If you’re developing a library that uses the parallel programming features of .NET 4, you should consider whether it is going to be to be used within ASP.NET. If it is, you should consider exposing knobs from your library that enable controlling how much parallelism is employed by the library. This is particularly important for libraries that utilize PLINQ. In .NET 4, PLINQ by default uses a fixed number of workers equal to the number of logical processors. By exposing control to the consumer of the library, the consumer can specify a maximum amount of parallelism to be employed, and this value can be configured based on the environment. The number of workers PLINQ utilizes is controllable through the WithDegreeOfParallelism operator; the maximum number of workers utilized by the Parallel loops is controllable through the ParallelOptions class, an instance of which is supplied as a parameter to overloads of the looping constructs.
ASP.NET already takes advantage multiple processors on your server. Most developers will not need to explicitly add any parallelism into their ASP.NET Web applications. However, if your particular situation requires explicit parallelism, the new parallelism APIs in .NET 4 can be beneficial to you.
LINQ To SQL or Entity Framework not support async queries.
If I use the Task class to execute some query, that query will execute using an IO thread or will continue using ThreadPool's thread?

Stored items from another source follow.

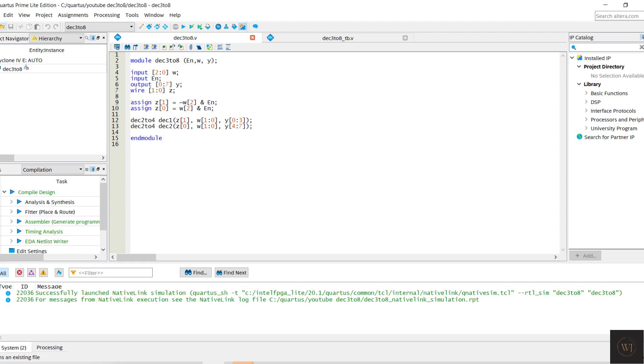Assign 2nd bit of Z equal to the invert 3rd bit of W and with enable. Assign 1st bit of Z equal to the 3rd bit of W and with enable.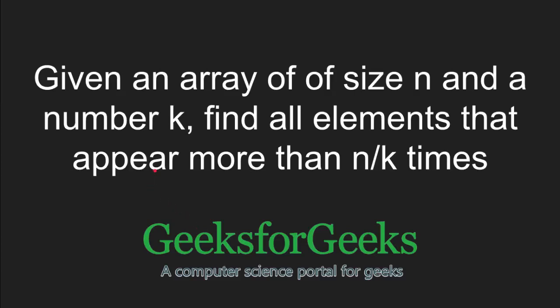Hi and welcome to GeeksforGeeks. In this tutorial, we will learn how to find elements that appear more than n by k times in an array.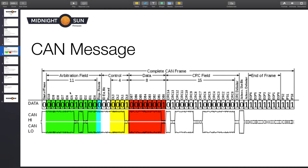This is what a CAN message looks like. You have the arbitration field, which determines the ID of the message — we divide this ID into our own IDs. Then there's control, data, CRC, and end of frame. In firmware, you won't see CRC and end of frame — those are handled by the lower layers of CAN. The parts you actually interact with are the control field, which has data length bits telling you how many bytes of data you're sending, and the data itself.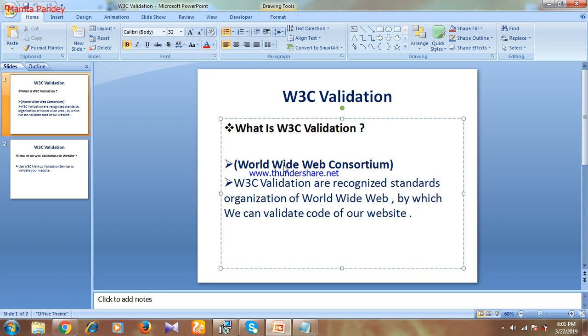The first point is: what is W3C Validation? The full form of W3C is World Wide Web Consortium. W3C Validation refers to a recognized standards organization worldwide, by which we can validate the code of our website. It is a standard organization which provides rules and regulations by which we have to validate the code of our website.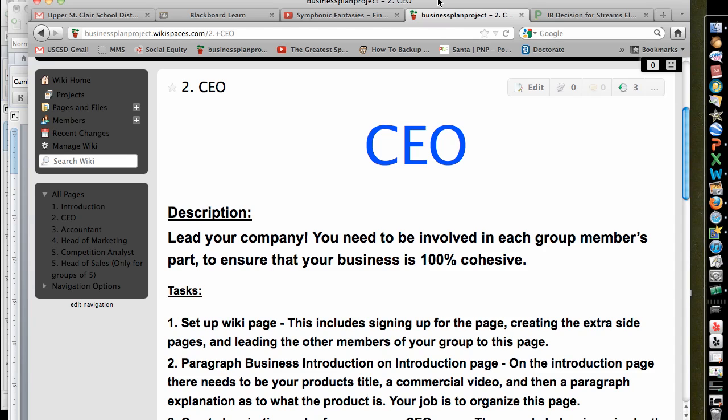All right, CEOs, let's talk about your job and what you need to do here for this project. The first thing is that you need to lead your company and be involved in each group member's part to ensure that your business is 100% cohesive. You need to make sure that your competition analyst, your head of marketing, and your accountant are all on the same page, because there are certain aspects of your business that everybody needs to understand.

Mike, tasks use threadpool threads to execute. So, the query will execute on a threadpool thread. To get true asynchronous execution(no worker threads blocked), you would have to drop down into ADO.Net and use the async command execution.Refer "Asynchronous Command Execution in ADO.NET 2.0" (http://msdn.microsoft.com/en-us/library/ms379553(VS.80).aspx)
Of course do LINQ to SQL and Entity Framework support async queries. However, the database is in control of executing those queries in parallel and it has nothing to do with the O/RM technology itself.